CAK keen on security threats posed by the 5G network
Communication Authority of Kenya (CAK) Ag, Mrs. Mercy Wanjau while speaking at the World Radiocommunication Conference 2019 (WRC-19) held in Nairobi confirmed that Kenya, among other 31 Africa countries have identified usable satellite orbital slots with the Radiocommunications Bureau (BR) based at the International Telecommunication Union (ITU) and are ready to place their notices for 5G network by May 22, this year.
The CAK announced that five companies in Kenya have been given licenses to carry out the 5G network trials in the country. The companies have been tasked to test the network’s viability for a period of one year before the official rollout in 2021. Mercy lauded the efforts the Kenyan Government has taken to protect data through its recently signed into law Data Protection Bill, and reiterated that the authority is very keen on the issues of cybersecurity and acknowledge the threats that the 5G network pose.
“One of the areas that we take attention and focus on is the cybersecurity to ensure that the data is safeguarded. We are very grateful that the data protection policy and the data protection act was passed because this is an additional useful safeguard in this 5G ecosystem,” Ag Mrs. Mercy Wanjau said.
While the 5G networks offer a big business potential in the world of digital technology, experts say the network is very much complex to secure because there are more vectors through which attacks can be carried out as compared to its predecessors 3G and 4G thus poses major cyber threats.
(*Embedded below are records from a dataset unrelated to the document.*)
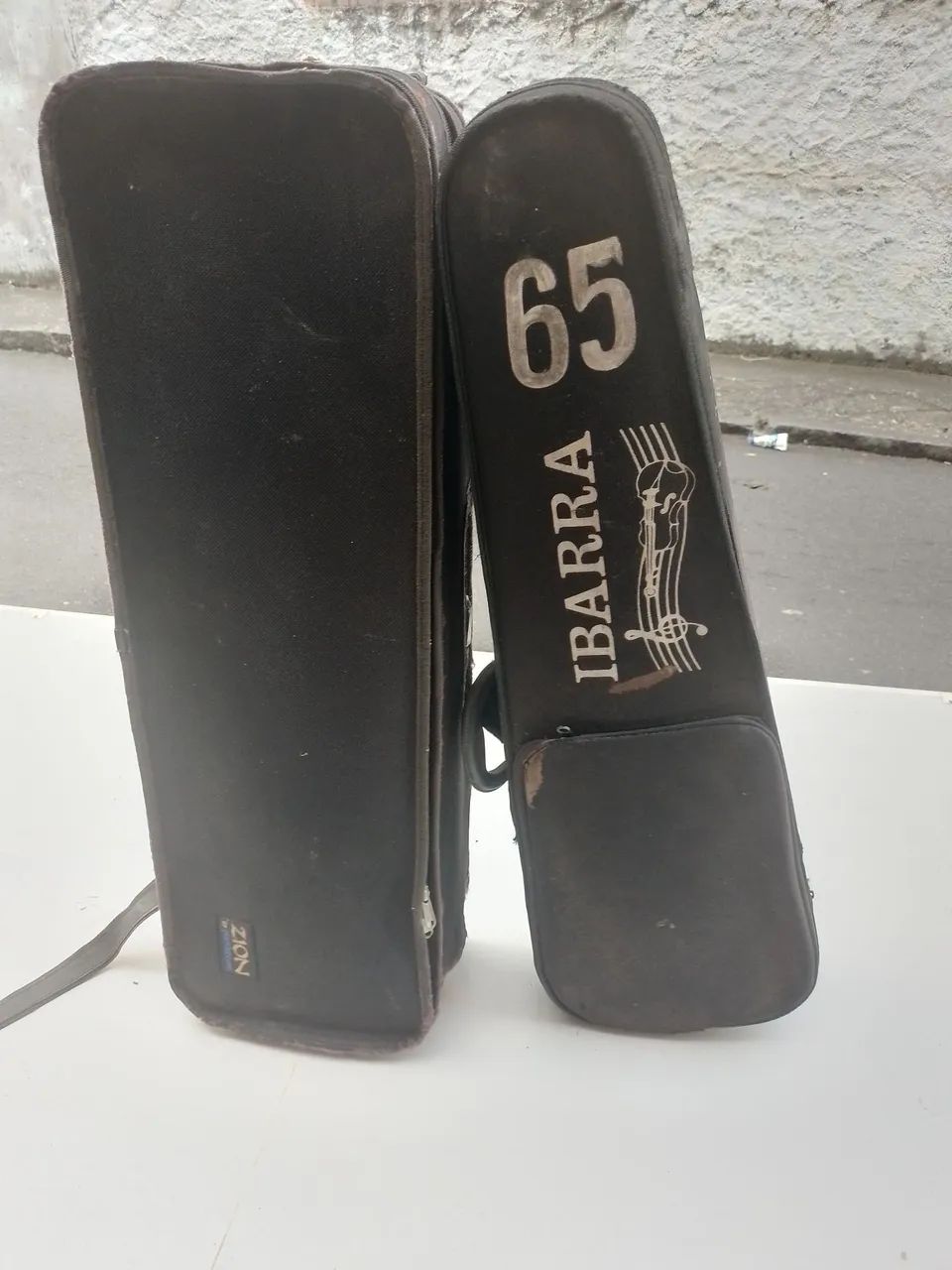 Case para cavaquinho e violino 65 $ CADA  - Foto 3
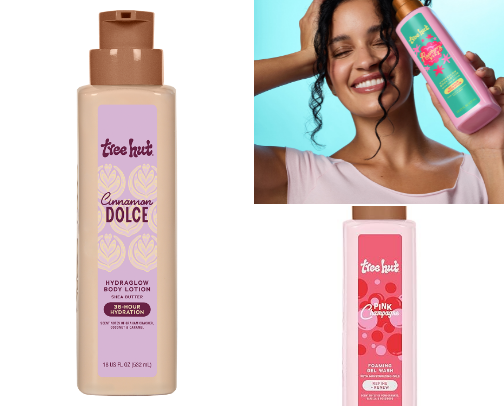 My Favorite Lotions That Smell Amazing💗 cover photo collage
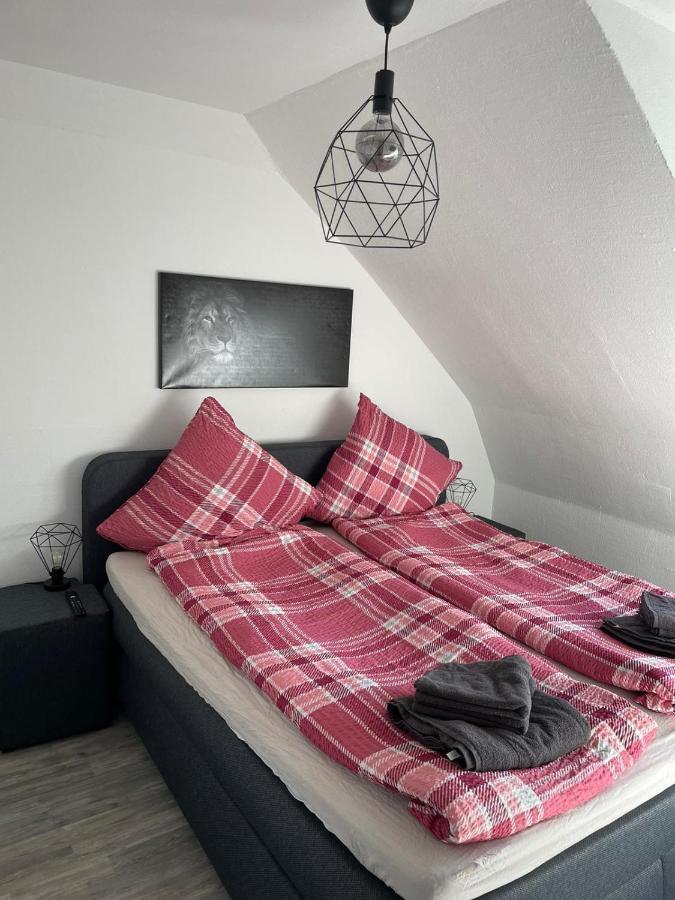 Ferienhaus-Weitsicht Sankt Wendel Bagian luar foto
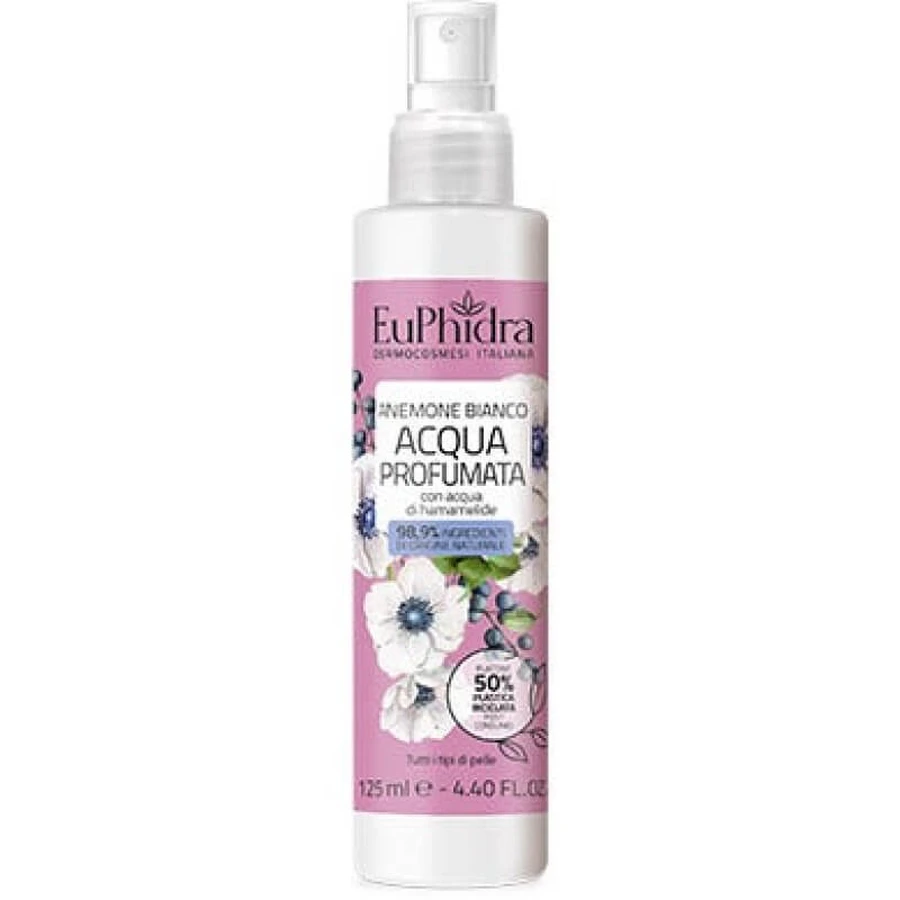 Apă parfumată Euphidra White Anemone 125ml
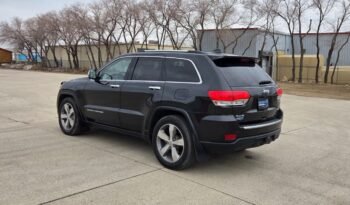 2015 Jeep Grand Cherokee Limited 4WD full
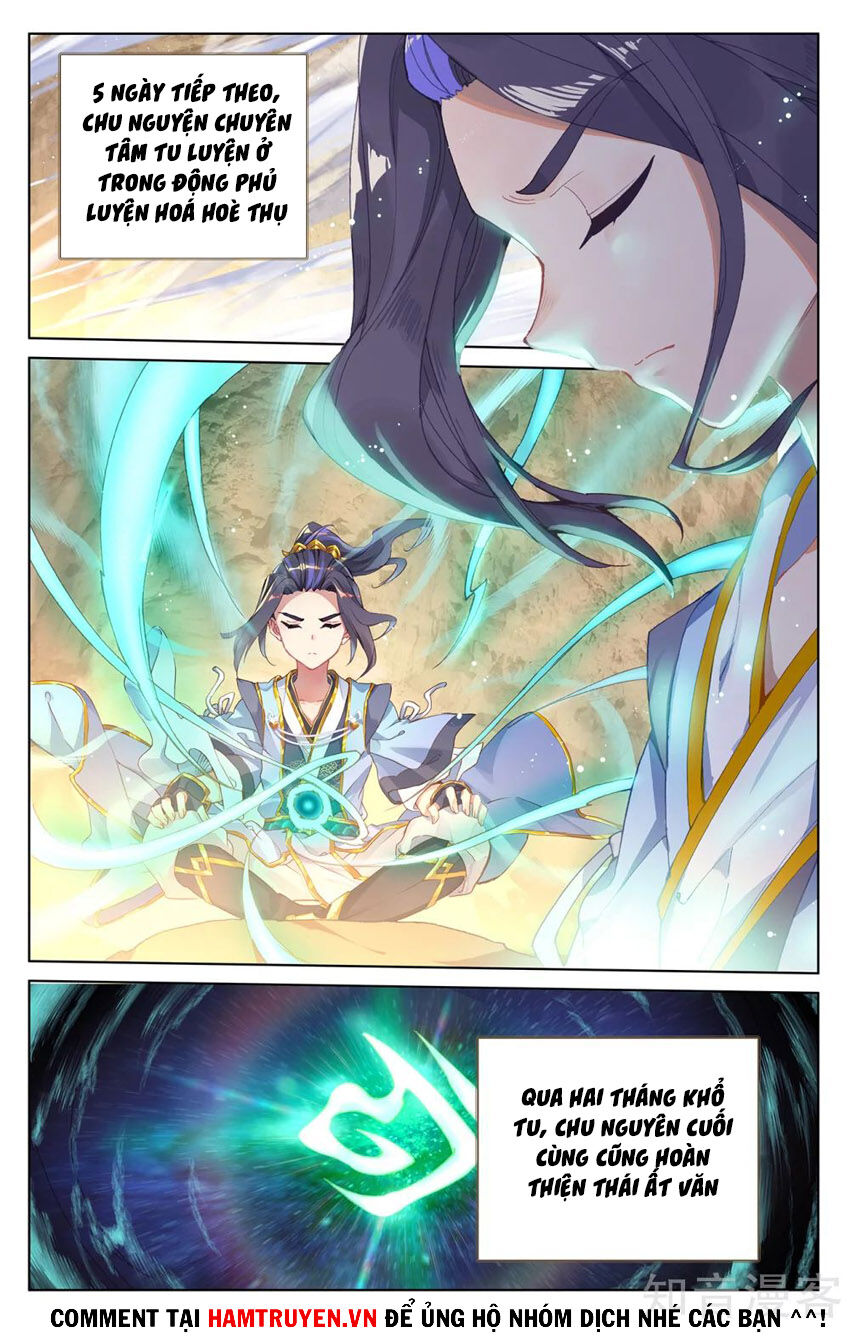 Nguyên Tôn Chap 235 - Next Chap 236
Kenya’s leading telecommunication company, Safaricom will implement 5G is to have a wireless antenna create a connection with a nearby tower, then this antenna to send signals to 5G receivers (e.g. smartphones), within the radius of the connection. Safaricom has earmarked Westlands and a few other posh estates in Nairobi for the initial rollout. Major cities like Mombasa, Kisumu, Nakuru, Thika, Machakos, Nyeri, Eldoret will soon join the bandwagon.